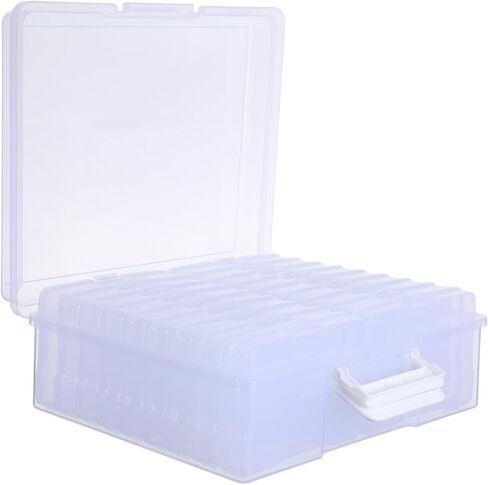 COHEALI Photo Storage Box with 18 Inner Plastic Cases and Handle, Lightweight Multifunctional Organizer for Photos, Postcards, and Valuables, for Home Use and Travel in Kuwait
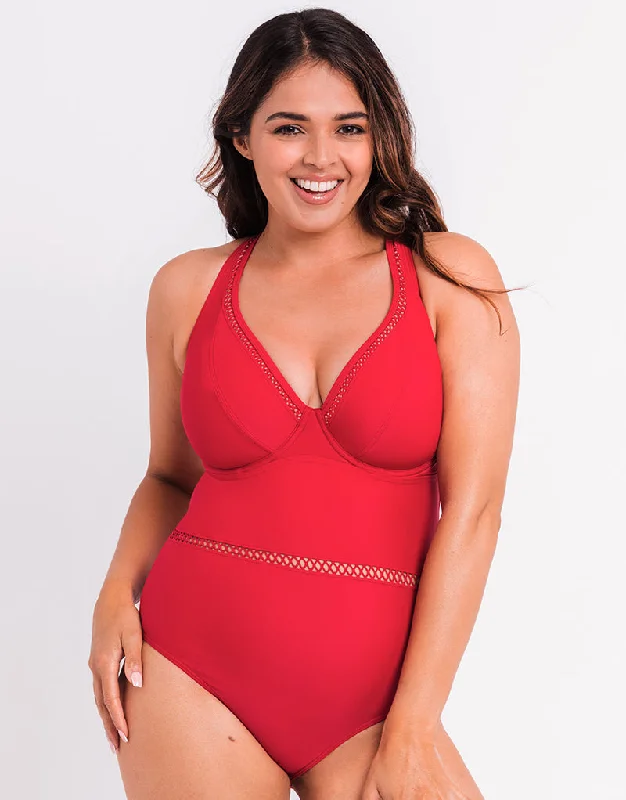 Curvy Kate First Class Multiway Plunge Swimsuit Red Plunge Back Swimsuit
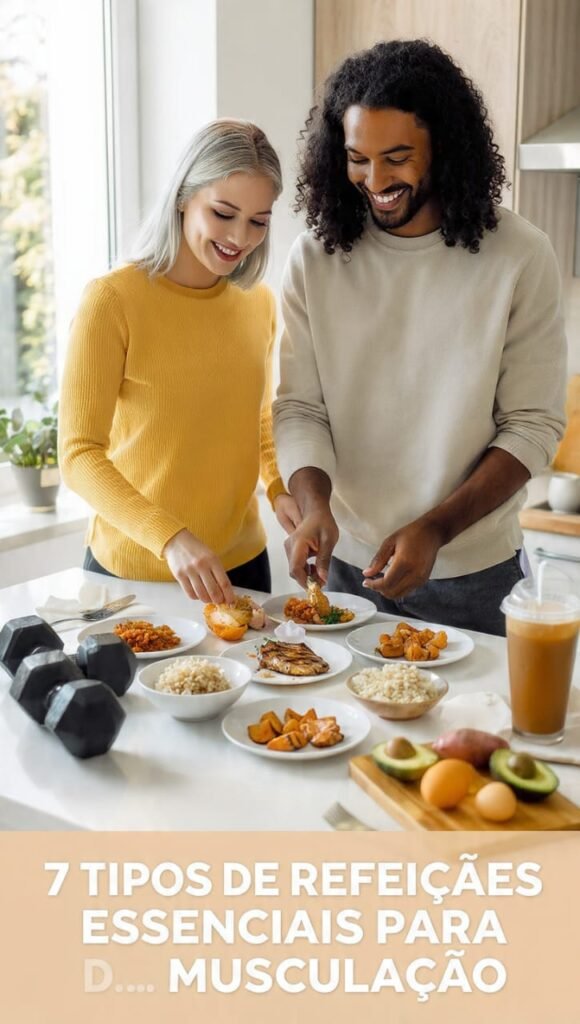 Casal preparando tipos de refeições para musculação na cozinha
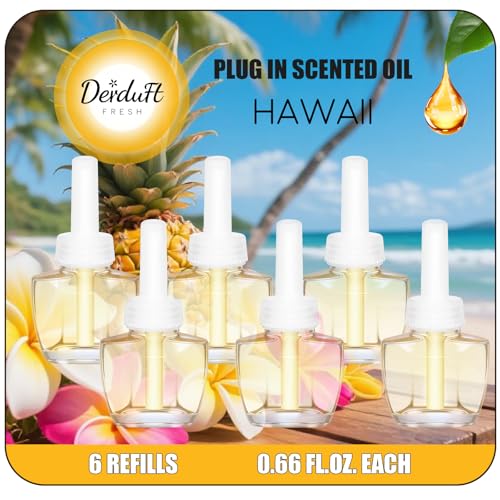 Image of Plug In Air Freshener Refills - Hawaiian Scented, Summer Scents, 6 Pack | Wall Plug In Refills, 3.96 Fl Oz, Compatible with Air Wick & Glade, for Bathroom, Bedroom, Office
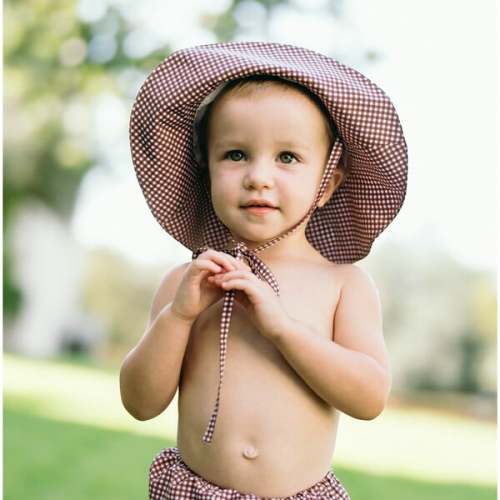 baby cocoa gingham sun hat - Minnow | Maisonette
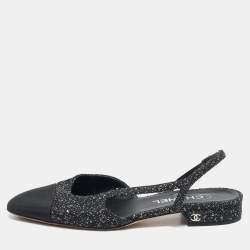 Chanel White/Black Tweed and Canvas CC Toe Slingback Sandals Size 38.5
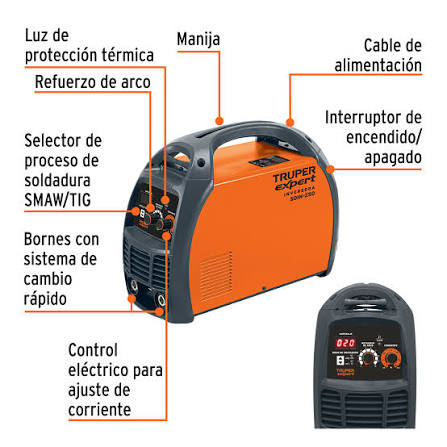 Producto: Soldadora inversora 250A, 220V, Truper Expert. Código: 17411
Clave: SOIN-250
-=-=-
● Goal of the exercise: Please set down, word for word, the lines starting at the line that holds "Producto: Soldadora inversora" and running to the end of the listing, with no pictures.

● Response to the task:
 Producto: Soldadora inversora 250A, 220V, Truper Expert. Código: 17411
Clave: SOIN-250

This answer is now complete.